Burza wybuchła, gdy Aleksiej Wieniediktow, szef zamkniętego po inwazji na Ukrainę radia Echo Moskwy, upublicznił listy opozycjonistów do przewodniczącej Komisji Europejskiej Ursuli von der Leyen i szefa unijnej dyplomacji Josepa Borrella. Dysydenci prosili o zdjęcie sankcji z oligarchy Michaiła Fridmana, właściciela Alfa -Banku, którego w 2019 r. „The Times” określił mianem najbogatszego mieszkańca Londynu, i jego trzech wspólników. Wieniediktow uczynił to z zemsty za to, że Fundacja Walki z Korupcją (FBK) Aleksieja Nawalnego opisała granty, które otrzymywał od władz stolicy.

Prośba o zdjęcie sankcji z właściciela Alfa -Banku

Pod listem z października 2022 r. podpisali się m.in. szef FBK Leonid Wołkow, założycielki kanału Dożd Natalja Sindiejewa i Wiera Kriczewska, opozycyjny ekonomista Władisław Inoziemcew i centroprawicowy polityk Leonid Gozman. Sygnatariusze przekonują, że Fridman był znanym z liberalnych poglądów przyjacielem zamordowanego w 2015 r. Borisa Niemcowa, jednej z czołowych postaci opozycji, a Alfa-Bank był uważany za „najbardziej prozachodnią strukturę biznesową” w Rosji. Fridman został objęty unijnymi i brytyjskimi sankcjami po rozpoczęciu inwazji, ale Amerykanie nie wpisali go na własne czarne listy. Oligarcha wyjechał z Rosji od razu 24 lutego 2022 r. i deklarował sprzeciw wobec wojny, choć Władimira Putina wprost nie skrytykował. – Dystans między panem Putinem a kimkolwiek innym jest podobny do dystansu między Ziemią a kosmosem. Powiedzenie mu czegoś antywojennego byłoby równoważne z samobójstwem – przekonywał cytowany przez Bloomberga.

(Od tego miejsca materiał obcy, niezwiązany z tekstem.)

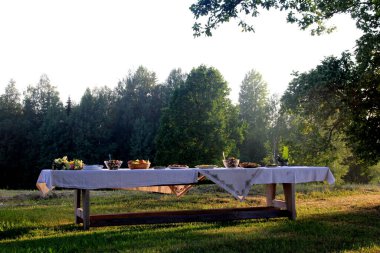 Manzaralı parktaki devasa ahşap piknik masasında eski ağaçlar, sarı günbatımı ışığı. Açık Masa Yemek Konsepti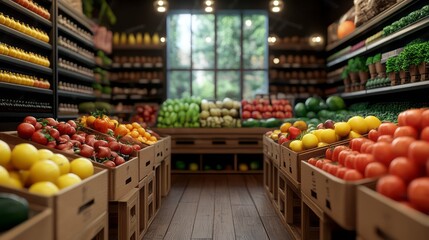 Fototapeta premium Interior view of a grocery store filled with produce.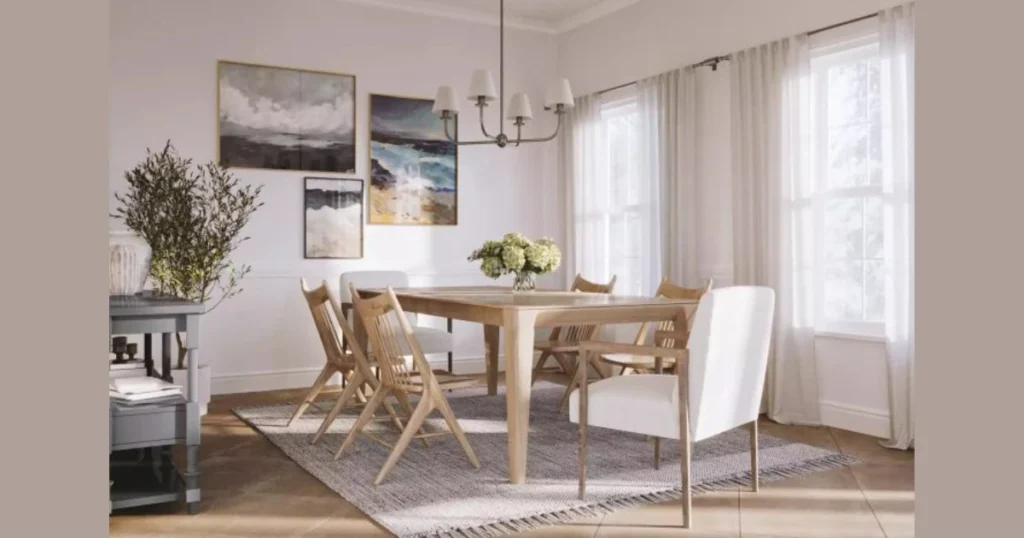 Modern Coastal Dining Room with Neutral Color Palette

Urodzony we Lwowie Fridman przed 2022 r. przedstawiał się jako mecenas kultury, finansował także ukraińskie imprezy. Zarazem był ściśle związany z otoczeniem Putina, nie tylko ze względu na to, że Alfa-Bank jest największą prywatną instytucją tego typu nad Wołgą. Fridman jeszcze od czasów studenckich przyjaźnił się z twarzą propagandy Władimirem Sołowjowem i Władisławem Surkowem, który przez wiele lat był naczelnym ideologiem reżimu i twórcą koncepcji „suwerennej demokracji”, choć w ostatnich miesiącach popadł w niełaskę i przestał pokazywać się publicznie.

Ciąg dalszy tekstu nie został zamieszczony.